This installment of the overview of the Proposed Regulations under Code Section 162(m) focuses on the definition of what is “applicable employee remuneration.” As a reminder, Code Section 162(m) generally limits the compensatory deduction to the first $1 million of “applicable employee remuneration” paid by a publicly held corporation to each covered employee.
General Definition of “Applicable Employee Remuneration”
Code Section 162(m)(4) defines the term “applicable employee remuneration” with respect to any covered employee for any taxable year as the aggregate amount allowable as a deduction for such taxable year (determined without regard to Code Section 162(m)) for compensation for services performed by the covered employee (whether or not during the taxable year). The proposed regulations reflect the amendments made to Code Section 162(m) by the Tax Cuts and Jobs Act (“TCJA”).
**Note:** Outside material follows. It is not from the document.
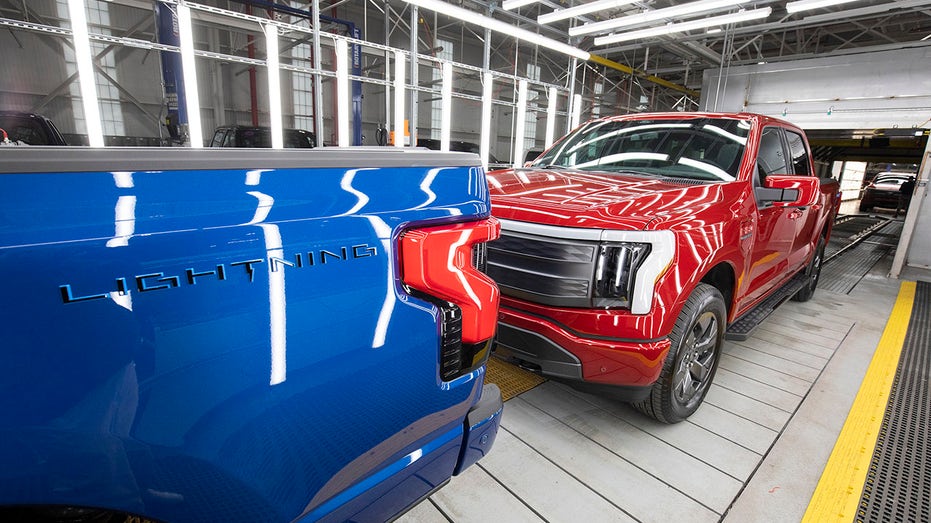 A blue and red Ford F-150 Lightning all-electric truck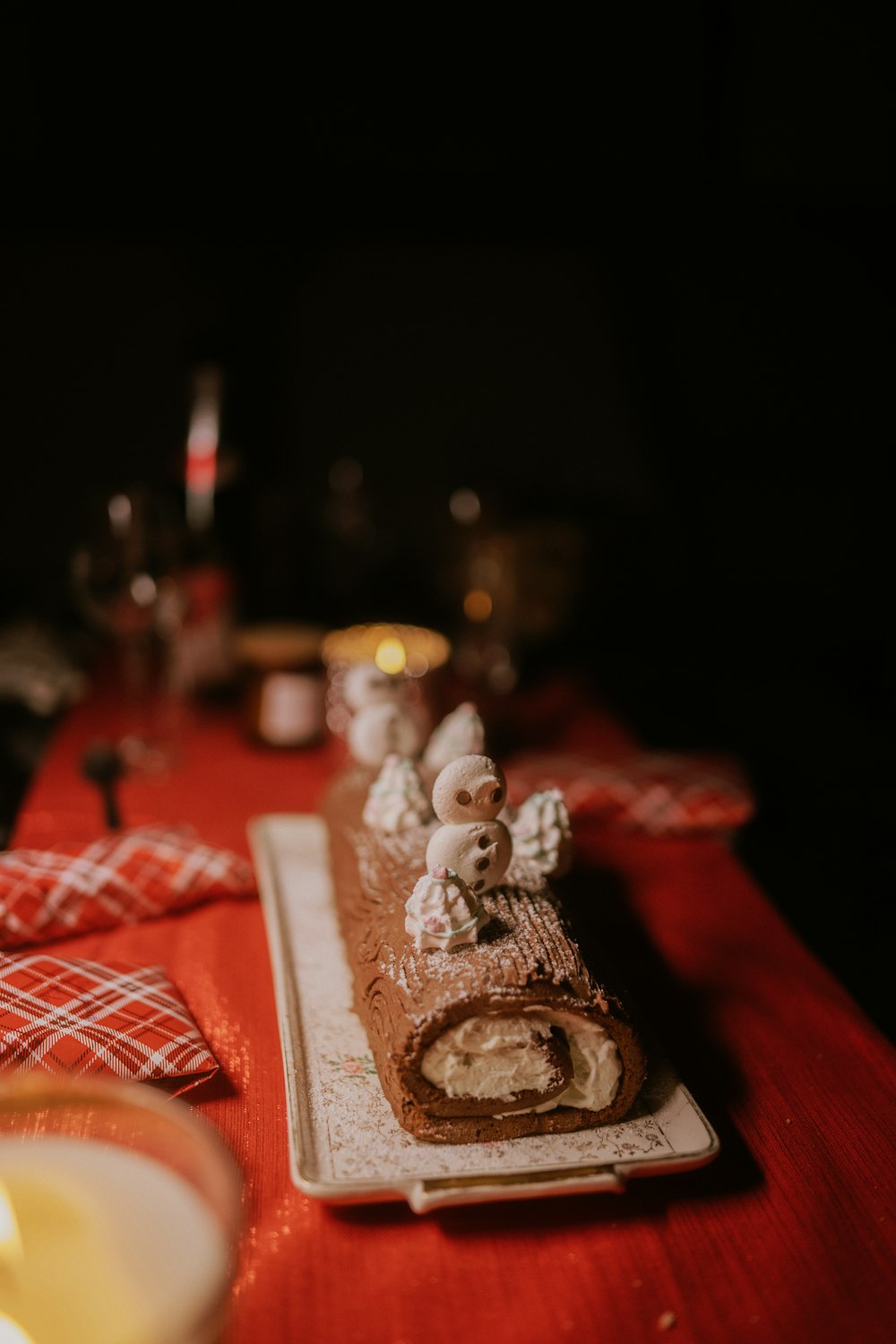 a table topped with a plate of food and a candle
As a note to the reader, the proposed regulations use the term “compensation” instead of “applicable employee remuneration.”
Section 13601(a) of TCJA amended the Code’s definition of applicable employee remuneration to eliminate the exclusions that had been available for qualifying commissions and performance based compensation paid to covered employees. In addition, Section 13601(d) of TCJA added a special rule for amounts paid to a covered employee’s beneficiaries, which provides that compensation will be “applicable employee remuneration” even if it is includible in the income of, or paid to, a person other than the covered employee, including after the death of the covered employee.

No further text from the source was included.